懐かしいだけでなく、これは心から共感のできる作品だった。鴻上尚史の自伝的小説(ほぼ自伝)である。彼と僕とは、知らなかったが、ほぼ同い年だった。(彼が1つ年上) もっと上だと思っていたから意外だった。だから同時代を生きたし、これからも生きていく。
まず、最初の誕生から両親を看取るまでを描く表題作が、数年前の僕の体験と完全に被っていて、胸に沁みる。母を亡くす前後のことだ。鴻上は両親をほぼ連続でなくした。最後はコロナ禍が重なり会えないことやら、いきなりの急変も含めてまるであの頃の悪夢が再来した気分で感情移入させられた。みんな同じようなことを経ているのか、と思う。親の介護から看取りまで、大変さは大小があるだろうが、変わらない。実家の処分の経過まで、まるであの頃の僕がそこにいる気がした。

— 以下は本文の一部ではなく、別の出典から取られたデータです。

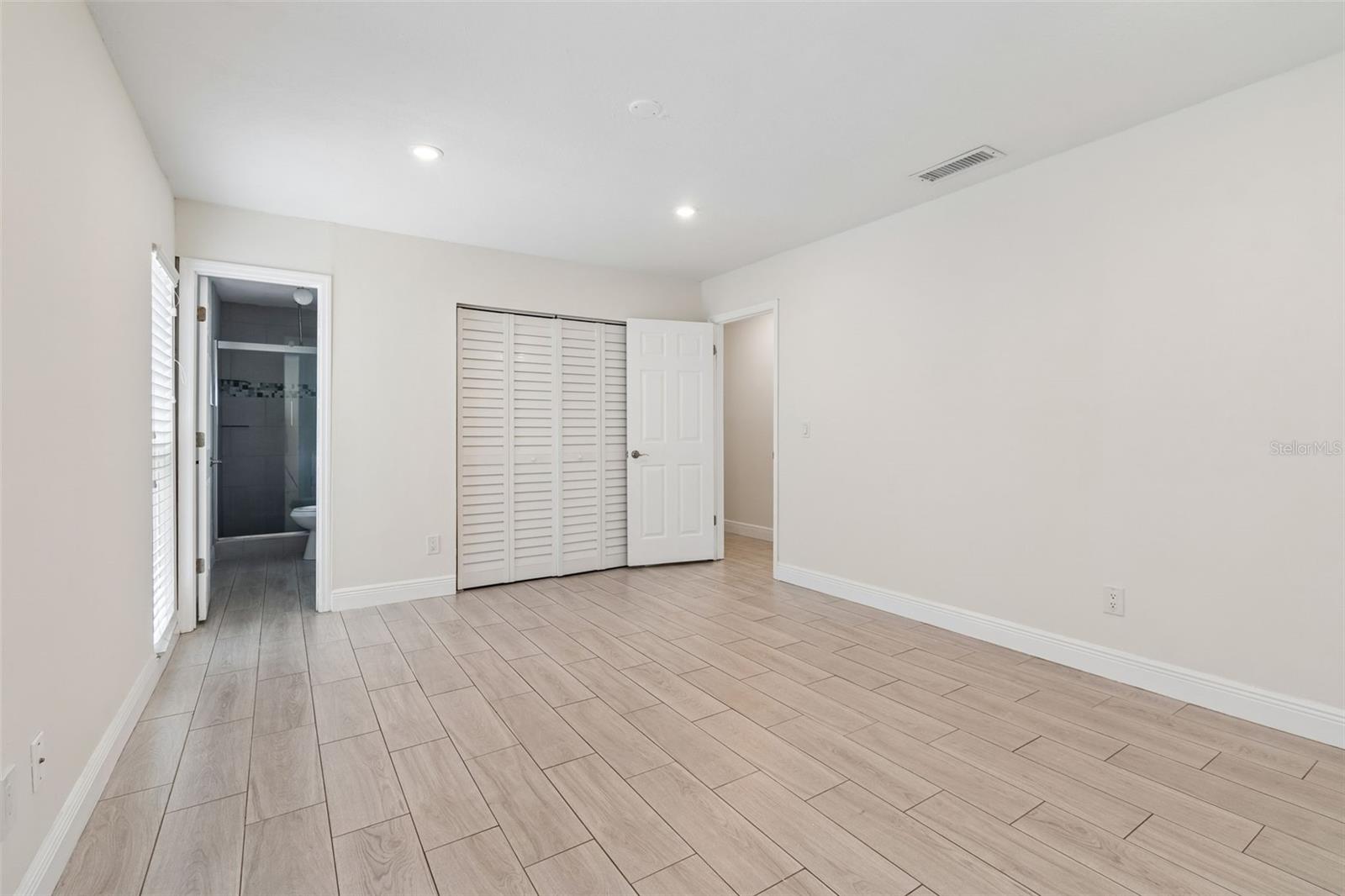 4710 SOUTHBREEZE DR, TAMPA, FL, 33624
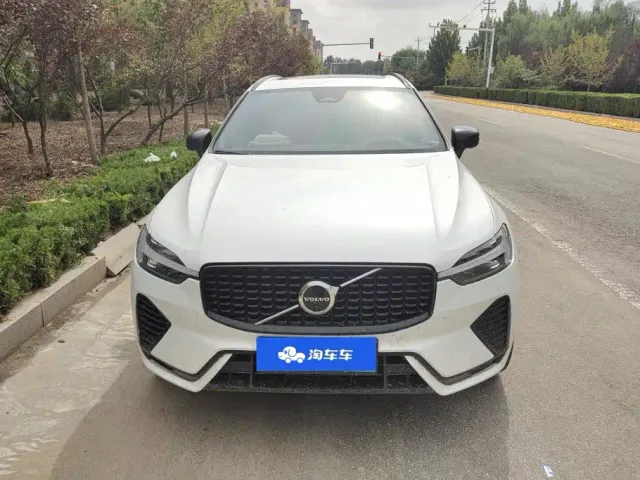 Volvo XC60 — Фото автомобиля 2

さらには後半、大学時代を描く『東京都新宿区早稲田鶴巻町大隈講堂裏』。これにも参った。早稲田に入って演劇部に所属した頃のドキュメンタリーだ。もし僕が東京の大学に行っていれば、同じ時、同じ場所に彼と居たかもしれない。彼は1年浪人したから同じ年に大学1年になっているのだ。しかもやっていることも重なっている。僕は演劇部には入らなかったけど、芝居が大好きで、芝居ばかり見ていた。(映画はそれ以上だったけど)高校の後輩の大竹野正典が芝居を始めたから、その手伝いもして芝居作りにも少しだけ関わった。ここには「もしも」がある。あの時東京に行っていれば体験していたかもしれない人生。もちろん僕には鴻上さんのような才能はないから埋もれて消えていただろうけど、幻の名もないもう1人の僕がそこにはいる。ドキドキしながら、まだ誰でもない鴻上さんの姿を追いかけていく。
だから後半で「第三舞台」発足のお話になると、少しつまらなくなる。成功した人の美談になるからだ。だけど、彼は成功も失敗も包み隠さず見せていくことに徹した。それはエピローグともいうべき現在を描く短い『東京都杉並区XX2丁目4番地』を読めばわかる。劇作家として演出家として、さらには映画監督として、小説家、エッセイストとマルチで活躍する彼が小説という形で素直な心情をここに綴る。胸に痛い。